The ultimate "without having to think much about it" can be achieved by setting an environment
variable ARTDAQ_DAQINTERFACE_PARTITION in one's .bash_profile file.
"Partitions" should be 0 indexed -- the default partition should be 0.
"Subsystem" number can start with 1 and be the lower 8 bits of a multicast address.

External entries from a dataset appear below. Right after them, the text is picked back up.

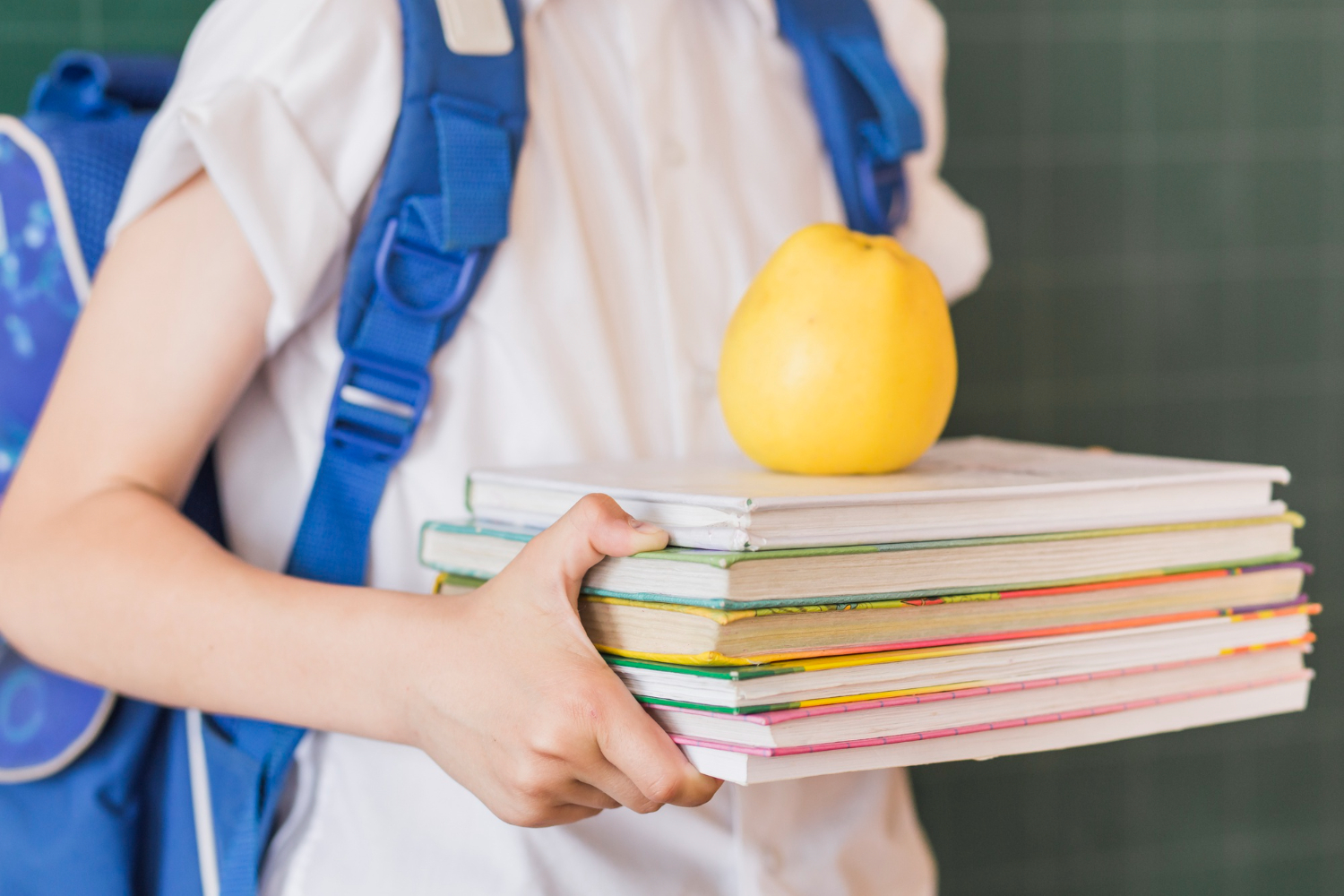 libri scolastici 2026/2027 tetti di spesa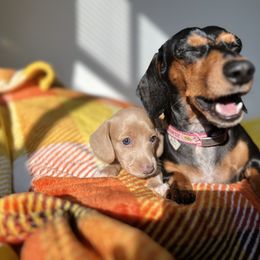 Dachshund Puppies from Duchess Daphne's Doxie Empire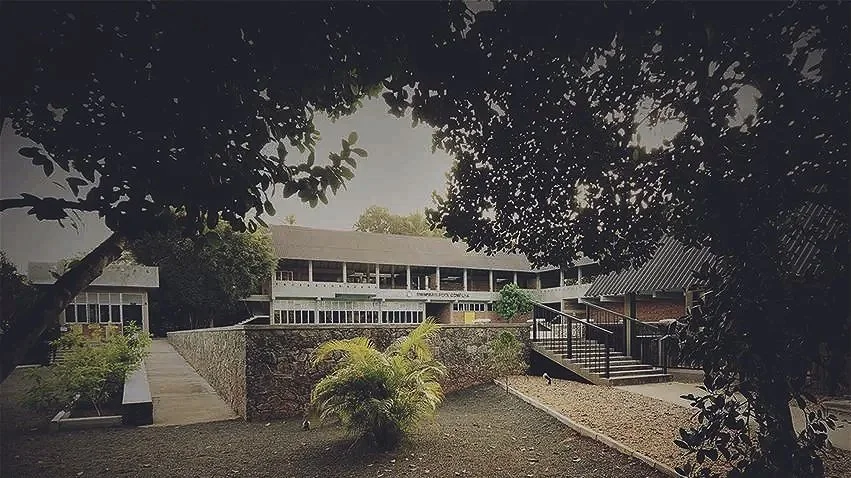 View of a multi-story building through trees and foliage, with stairs leading up to a patio area, in a landscaped outdoor setting.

|TCP||DaqInterface listen port||1 per "artdaq system"||10000 + p * 1000|
|UDP||Message Facility Viewer||1||10005 + p * 1000 (Optional multicast config)|
|TCP||Routing Tokens||1 per Routing Master/Domain||10010 + p * 1000 + s|
|UDP||Routing Table Acks||1 per Routing Master/Domain||10030 + p * 1000 + s|
|TCP||XMLRPC||1 per artdaq process||10100 + p * 1000 + r|
|TCP||TCP Socket Transfer||1 per process using||10500 + p * 1000 + r|
|Multicast||Request Messages||1 per Subsystem / Request Domain||227.128.(p).(s + 128) : 3001|
|multicast||Routing Tables||1 per Routing Master/Domain||227.129.(p).(s + 128) : 3001|
|multicast||Multicast Transfer||1 per process using||227.130.14.(p + 128) : (r + 1024)|
- p = partition, r = rank, s = subsystem/routing master instance. These assume rank is small (~N processes)
- Most systems will have "spare" ports in their 1000-port range (i.e. not all ports will be used in contiguous blocks)

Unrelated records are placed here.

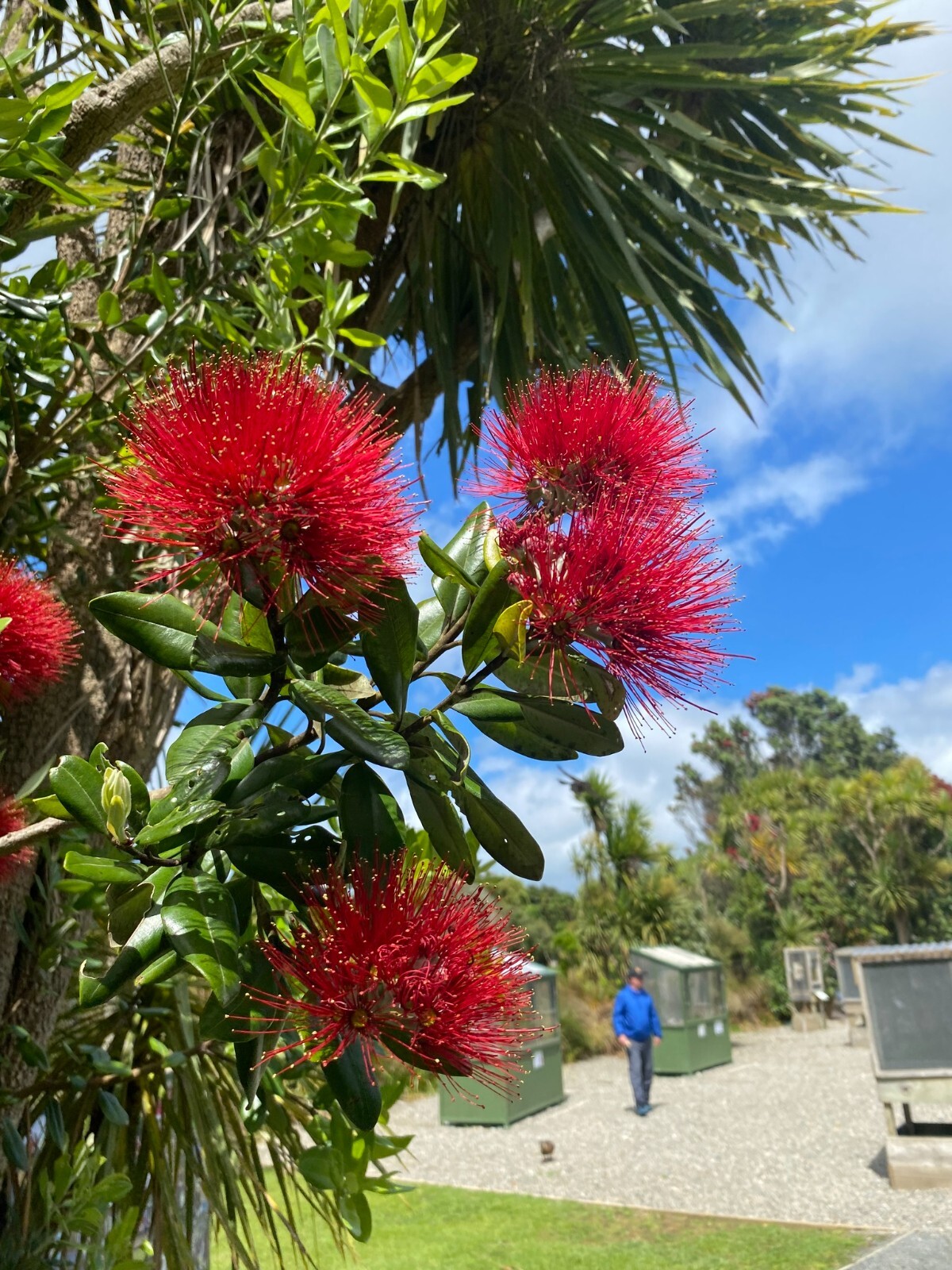 Pohutukawa – Red flower – 100 seeds – Metrosideros excelsa – from New Zealand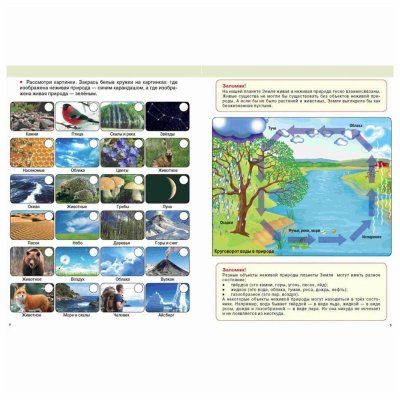 Задания по теме Живая и неживая природа для дошкольников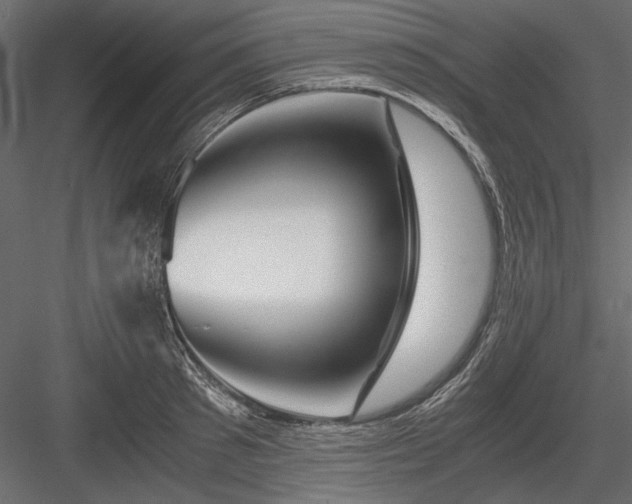 X0000084030897200702232255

- Assumption is that a large system is < ~300 processes, < ~10 subsystems/routing domains. If larger numbers of processes are needed, configuration overrides will be necessary.
- Rank for TCP Socket transfer is DESTINATION rank
- Rank for multicast transfer is SOURCE rank
For a system with 100 processes approx. 250 ports would be required.
A partition can be allocated 1000 ports with the default (partion 0) base being 10000.
So, 20 partition would allocate ports in the range of 10000 to 30000.
Port Conflicts - with other applications¶
We will provide at least one way to override ports. This could be for an individual port, a group of ports or all the ports in a partition; this is TBD.
Initially, if there is a conflict, one could try a different partition.
Port Conflicts - overriding to create system wide (unique) boardreader resources¶
In the demo environment, we do not need unique resources, but real systems will usually have resource where
allocation to (or use in/by) multiple partitions will be an error and should cause a conflict.
Partition notes 1 - 03/21/2018¶
1) attempts to launch on unused port (via ps) -- not full proof
2) redefine get_highest_port to return fixed number
currently daqInterface ports for different users/partitions
related - TCP socket transfer port¶
has a base port -- old default 6300
every connection -- add 10
don't separate daqinterface and rest of artdaq system
Currently (2018-03-20), daqinterface does ps to determine a port (to listen on), but does not
automated processing to determine ports for artdaq processes (include tcp socket transfer plugin).
Hopes: that this would work for a distributed env. -- ie. mu2edaq01 - 11, where people could start on different nodes,
but used any of the other nodes.
a file that has partition allocation information.
A few use cases that come to mind (KAB), some of which have already been mentioned:
- It would be great if multiple users could each run a single instance of DAQInterface+artdaq from their own account on the same computer, without having to think much about it.
- this use case is multiple instances in the same computer, each from a different user account
- It would also be nice to be able to run multiple instances of an "artdaq system" (DAQInterface+artdaq processes) from a single account on the same computer. The running of such systems may not be as auto-magical as the first use case, but that's OK. If someone, or a group of people, are running multiple partitions from a single account, it seems reasonable that they know a little about the details of the environments for those partitions.
- Same as previous, but spread across a cluster of computers.
- Is it worth considering a scenario in which a single user would like to be gently prevented from running multiple partitions? We can imagine a new user starting an artdaq system multiple times without remembering to shut down the system each time. In this case, it is probably the right choice to tell the user "you've already got a system running" when he/she tries it the second, third, etc. time instead of blithely creating a new partition each time.
Whatever we come up with needs to work on a variety of systems:
- mu2e Pilot cluster, protoDUNE NP04 cluster
- NOvA and DUNE GPVM nodes
- CERN lxplus
In some of these cases, we may not have the ability to manage things cluster-wide (e.g. GPVM nodes or lxplus).
Maybe whatever local 'file' that we come up with indicates whether the port managing is local to one computer or cluster wide. (After thinking about it for a few minutes, it might make sense for that sort of user-account-local file to be named something like ~/.artdaq.)